Dalam usaha untuk lebih meningkatkan lagi informasi dan pengkondisian keagamaan Hindu di Desa-Desa adat di bali, para petugas penyuluh agama telah mulai merasakan bahwa di kalangan masyarakat umat beragama Hindu di Desa Adat masing-masing, telah mulai tumbuh dan berkembang wawasan keagamaan, dan mengetahui diri mereka adalah sebagai penganut agama hindu atau sanata dharma. Dalam penunaian ibadah agam , mereka tidak lagi hanya terpaku oleh tradisi-tradisi dan dresta-dresta setempat saja, tetapi telah mulai pula mengetahui konsep ajaran trigama, (igama, agama dan ugama). Mereka mulai mengetahui eksistensi, kedudukan dan peranan para fungsionaris,dalam pranata sosial mereka, yang disebut Desa Adat itu. selaras dengan perkembangan ini, masyarakat umat hindu pun tidak mau lagi menerima sistem dan metode penyuluhan agama, seperti pada mulanya. Mereka mulai kritis menanyakan aspek-aspek kehidupan beragama, saat melakukan ibadah agama.Mereka tidak mau lagi menunaikan ibadah agama hanya nyait-metanding dan maebat saja. Mereka mulai bertanya apa yang mereka lakukan itu, apa sasaran, tujuan atau goaisnya.

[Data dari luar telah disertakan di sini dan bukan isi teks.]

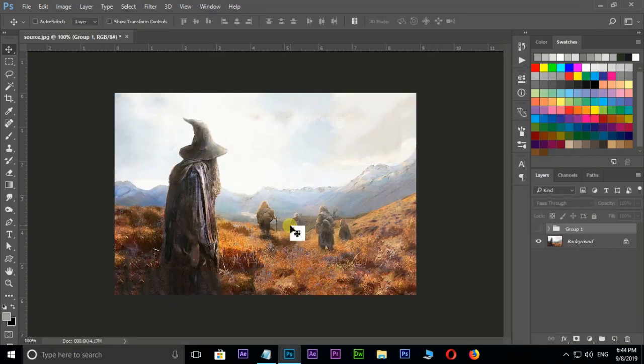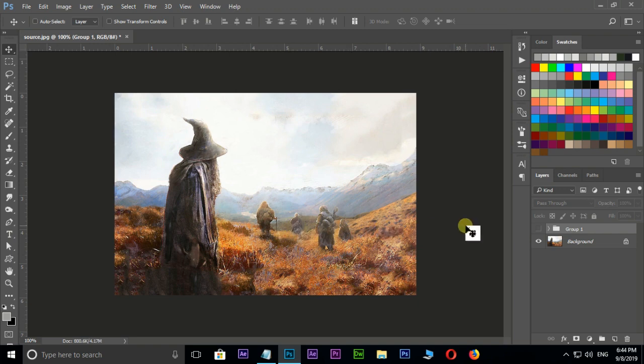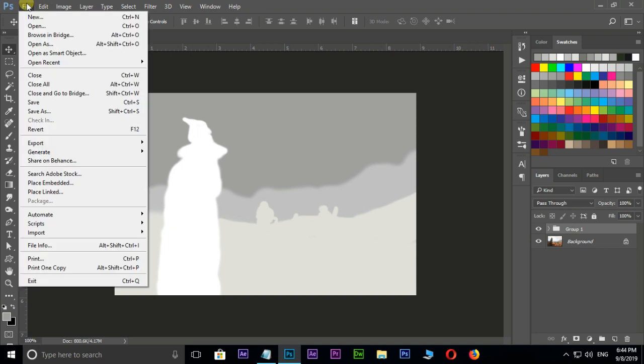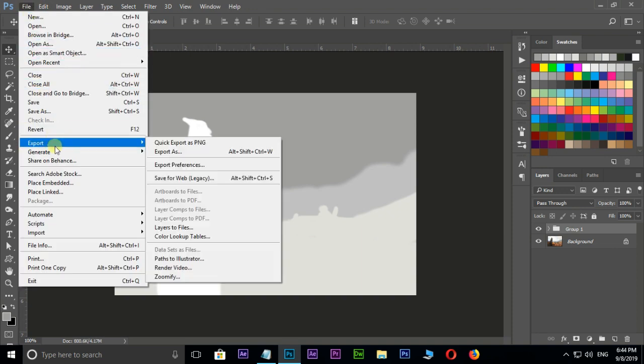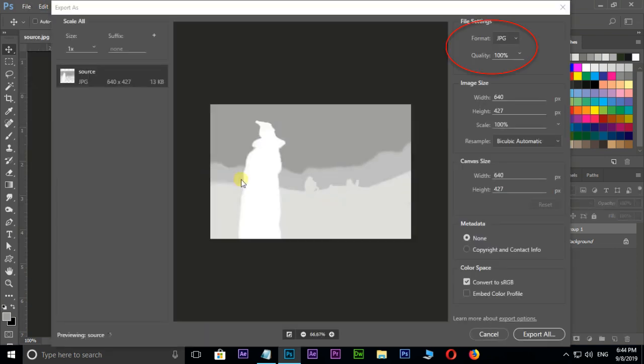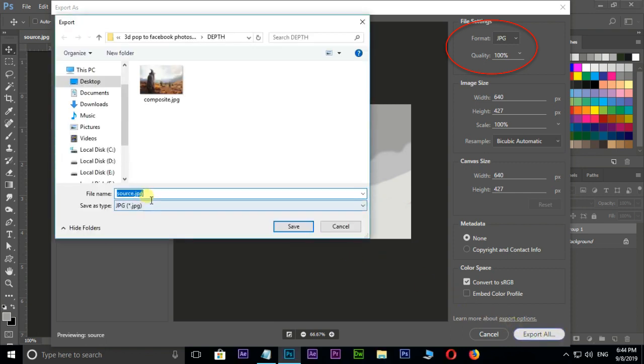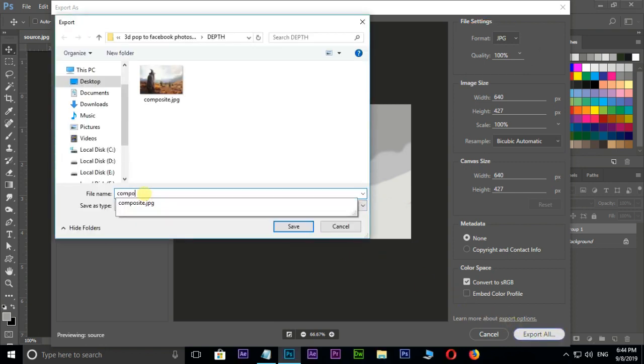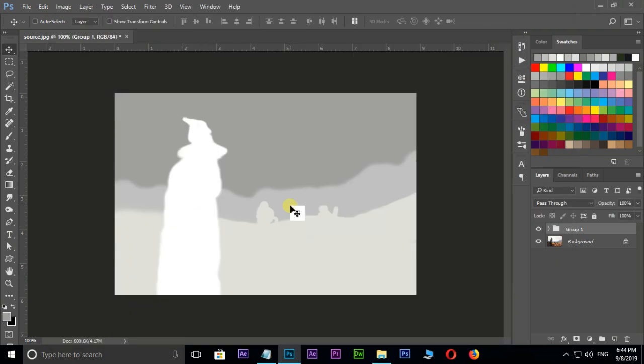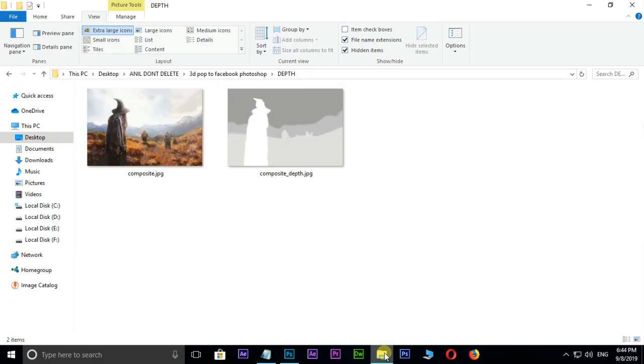Now the time to export the depth image. Unhide the group depth folder. Go to file, Export, Export as. Put quality to 100%, then hit export all. Rename this image as composite underscore depth and press save. Now the time to upload these images to Facebook to view 3D depth effect.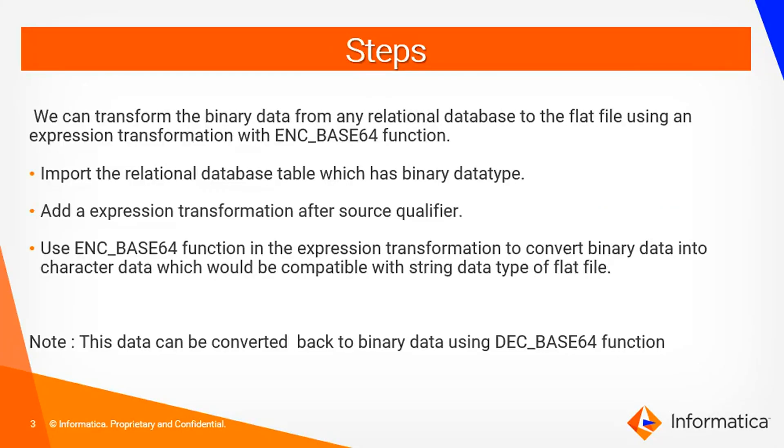This can be achieved using expression transformation with ENC base64 function. This encoding base64 function encodes the data by converting binary data to string data type which can be stored in flat file. Also, stored data can be reverted back to binary using DES base64 function.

Selaras dengan perkembangan itu, maka para tenaga penyuluh agama hindu, tidak cukup hanya menguasai materi agama hindu saja. Mereka harus menunjang pula, materi pengetahuan agama yang telah dikuasainya dengan berbagi ilmu sosial, seperti ilmu komunikasi, sejarah, arkeologi, anthropilogi, ilmu kemasyarakatan, dan berbagai cabang kesenian, terutama yang menjadi unsur persembahan dan pemujaan dalam tata upacara, terutama unsur seni yang terangkum dan di sebut pancapagendha yakni, seni sastra, seni vocal, seni instrumen, seni gerak dan seni rupa. Lebih-lebih pengetahuan seni rupa, karena dari seni rupa ini akan terungkapkan berbagai nyasa agama hindu yang kaya, dalam dan konsetual dengan konsep Dewawigraha, seperti yang di kemukakan dalam Isopanishad.
Dalam periode selanjutnya, antara tahun 1975-2990, informasi dan pengembangn agama hindu bagi masyarakat umat hindu di lingkungan Desa Adat masing-masing, tidak lagi hanya bersifat informasi dan pengkondisian, tetapi sudah mulai mengarah ke peningkatan dan pendalaman aspek-aspek terhadap ajaran agama hindu itu sendiri. dalam kegiatan penyuluhanagama di desa-desa adat bali, para audience tidak lagi hanya sebagai pendengar yang baik, mendengarkan dan menyimak message yang di sampaikan oleh komunikator, penyuluh agama itu sendiri, masyarakat audience atau komunikan mulai mengembangkan sistem dharmatula dalam penyuluhan yang dilaksanakan di suatu tempat, para komunikan, akan menanyakan apa saja tentang topik keagamaan yang dijadikan banteng dharmawacana pada saat itu. sehingga menyimak kenyataan itu, pada era pendalaman dan pengungkapan seorang komunikator harus betul-betul siap dan menyiapkan cirri pada waktu memberikan penyuluhan. Sistem dan metode penyampaian materi agama pun, tidak lagi diterima oleh masyarakat, kalau tidak menggunakan sistem dan method e ilmiah. Hal ini terjadi terutama di kalangan generasi muda hindu dan kalangan intelektual Hindu.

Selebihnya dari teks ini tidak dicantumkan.